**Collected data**

'''

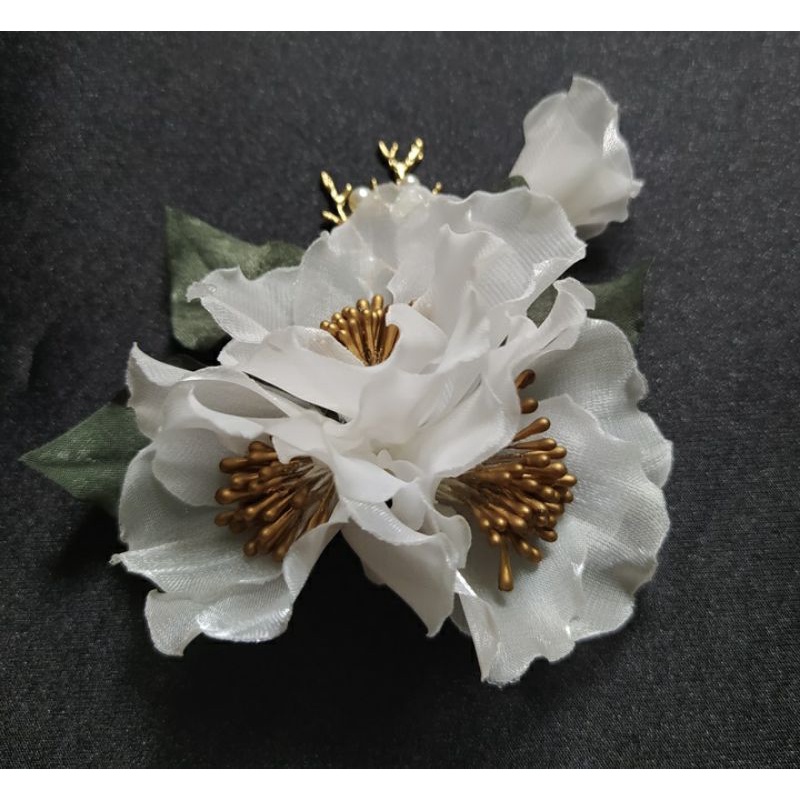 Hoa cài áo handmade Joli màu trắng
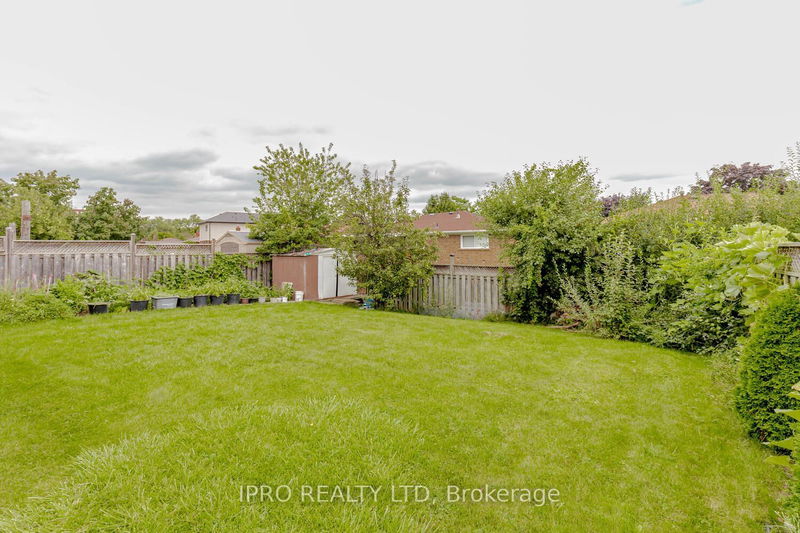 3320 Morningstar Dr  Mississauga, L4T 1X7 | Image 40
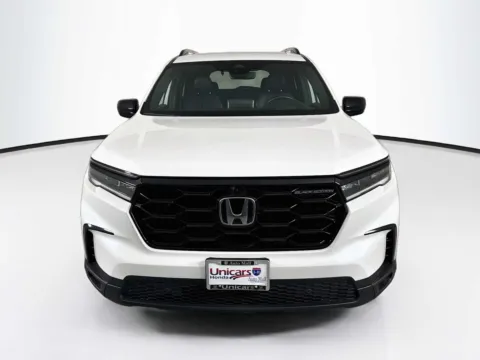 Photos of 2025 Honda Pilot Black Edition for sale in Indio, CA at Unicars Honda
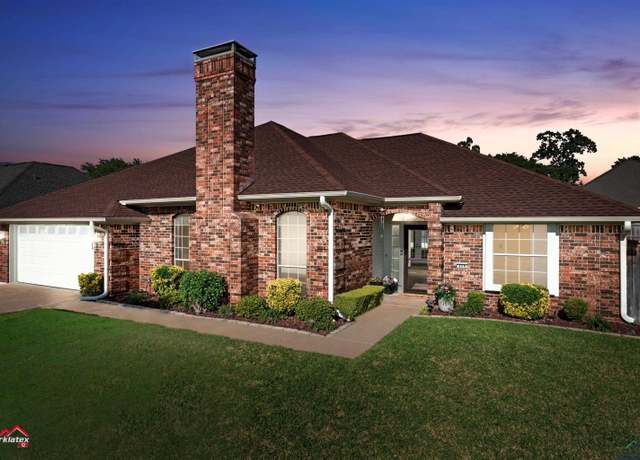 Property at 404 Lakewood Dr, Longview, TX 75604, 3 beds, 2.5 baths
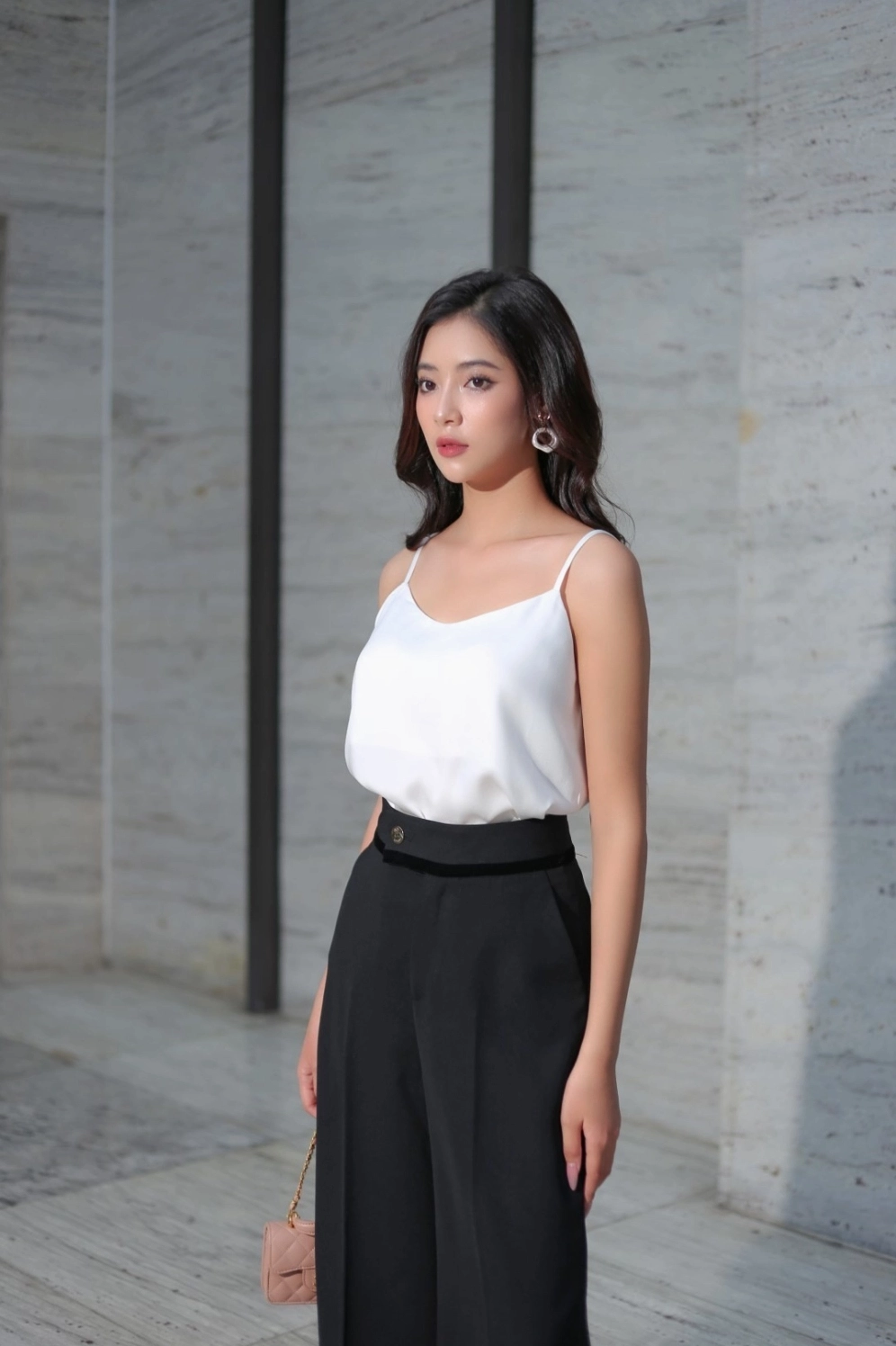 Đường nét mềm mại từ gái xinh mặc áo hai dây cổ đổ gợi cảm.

'''

**Task requirements**
Extract precisely the lines beginning at the line containing "Photos of 2025" and ending at the last line of the entries above, exactly as written and with no pictures.

**Exercise result**
 Photos of 2025 Honda Pilot Black Edition for sale in Indio, CA at Unicars Honda
 Property at 404 Lakewood Dr, Longview, TX 75604, 3 beds, 2.5 baths
 Đường nét mềm mại từ gái xinh mặc áo hai dây cổ đổ gợi cảm.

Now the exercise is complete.